# What needs to be done
Instruction for the entries below: return the part that opens with the line containing "In consonant clusters, especially" and closes with the line containing "If you are watching", exactly, and no pictures.
Start of Given information
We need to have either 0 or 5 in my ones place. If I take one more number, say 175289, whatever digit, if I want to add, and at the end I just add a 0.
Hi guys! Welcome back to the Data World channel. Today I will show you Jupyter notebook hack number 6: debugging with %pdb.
End of Given information
Start of Given information
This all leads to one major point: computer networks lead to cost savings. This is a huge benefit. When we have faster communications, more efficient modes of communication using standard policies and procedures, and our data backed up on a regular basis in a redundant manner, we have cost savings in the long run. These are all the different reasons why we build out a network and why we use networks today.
End of Given information
Start of Given information
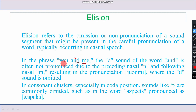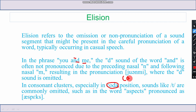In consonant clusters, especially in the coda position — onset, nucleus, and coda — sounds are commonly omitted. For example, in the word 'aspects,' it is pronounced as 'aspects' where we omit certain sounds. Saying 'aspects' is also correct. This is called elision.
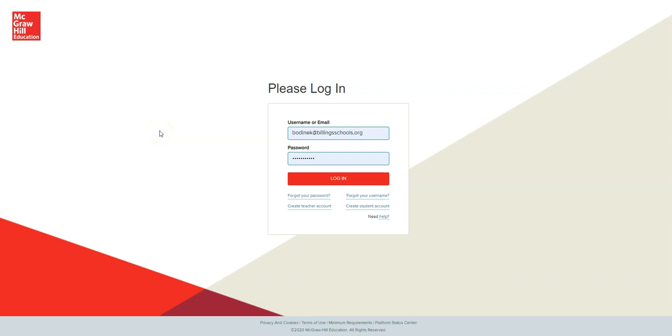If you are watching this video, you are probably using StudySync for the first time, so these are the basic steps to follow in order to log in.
End of Given information
# Expected output
In consonant clusters, especially in the coda position — onset, nucleus, and coda — sounds are commonly omitted. For example, in the word 'aspects,' it is pronounced as 'aspects' where we omit certain sounds. Saying 'aspects' is also correct. This is called elision.
If you are watching this video, you are probably using StudySync for the first time, so these are the basic steps to follow in order to log in.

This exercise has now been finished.